US warns on Rwandan park
2004-04-15 09:44
Washington - The United States has barred US diplomats from a famed Rwandan mountain gorilla refuge and warned Americans to avoid the area after an attack on government troops by Hutu rebels there last week, the State Department said Wednesday.
The US embassy in Kigali imposed the ban on visits to the Virunga National Park and the nearby area of Mutura in Rwanda's northwest Gisenyi Province after Thursday's rebel attack and subsequent fighting killed 16 people, it said.
"As a result, American embassy personnel are currently restricted from traveling in these areas," the embassy said in a notice to US citizens in Rwanda, according to a copy provided by the State Department.
"US citizens should avoid travel to the Parc National des Volcans (Virunga National Park) and the Mutura area," it said, adding that the new policy would be reviewed in two week's time.
The Rwandan army announced on Saturday that its troops had killed 16 rebels from the Democratic Forces for the Liberation of Rwanda in fighting that followed the initial attack.
It army said it had suffered no losses and that there had been no civilian casualties in the attack that took place as Rwanda was marking the 10th anniversary of the 1994 genocide, when up to a million people, mostly from the Tutsi minority, were killed in a campaign planned by the then Hutu-led regime.

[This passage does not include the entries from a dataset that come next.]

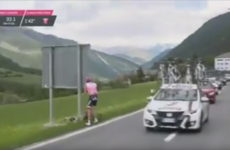 Giro leader Tom Dumoulin needed a 'toilet break' at the worst possible time today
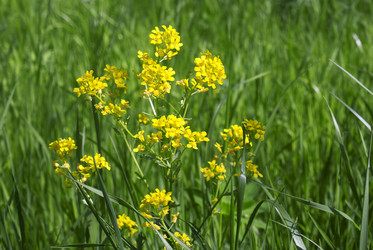 Similar image 1163425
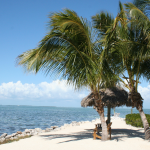 online colleges in Florida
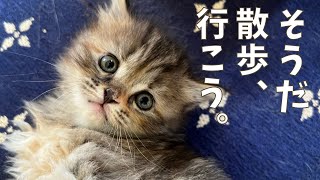 お散歩する仔猫。サイベリアンの子猫がはじめてペットサークルの外にお出かけ【赤ちゃん・多頭飼い】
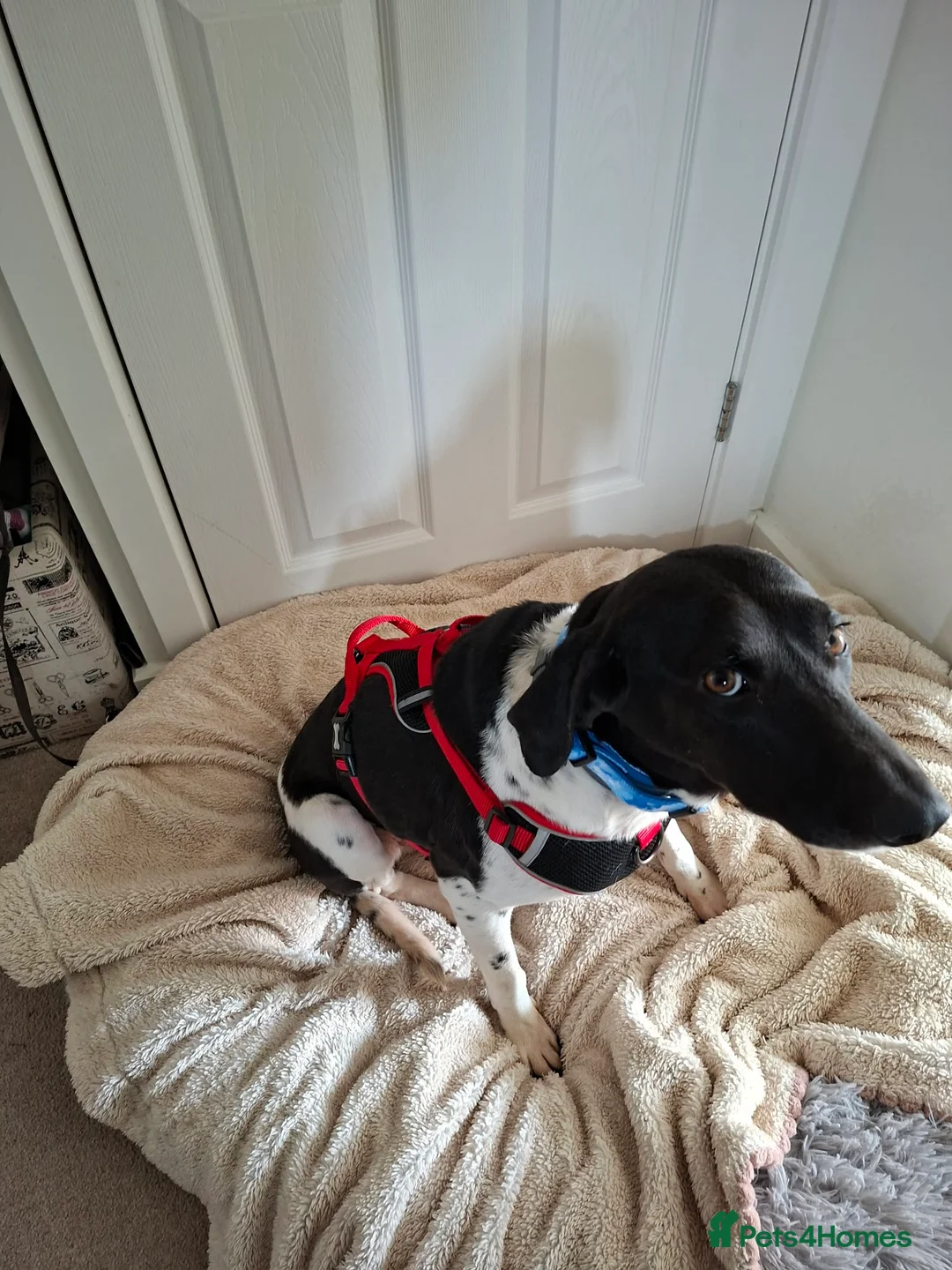 Mixed Breed dogs for adoption: Stratos ! ❤️ a Cypriot sweetheart  - Advert 6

In January, conservationists said they had seen a surprising upturn in numbers of mountain gorillas, one of the world's rarest species of mammal, in central Africa's Virunga Highlands, which encompasses the park in Rwanda.
They said they had seen a 17% rise in the number of gorillas, to 380, since the last extensive estimate was carried out in 1989, before the region was gripped by warfare for much of the 1990s, unleashing floods of refugees who encroached on the animals' habitat.
That announcement had been expected to result in an increase in the number of tourists visiting the area.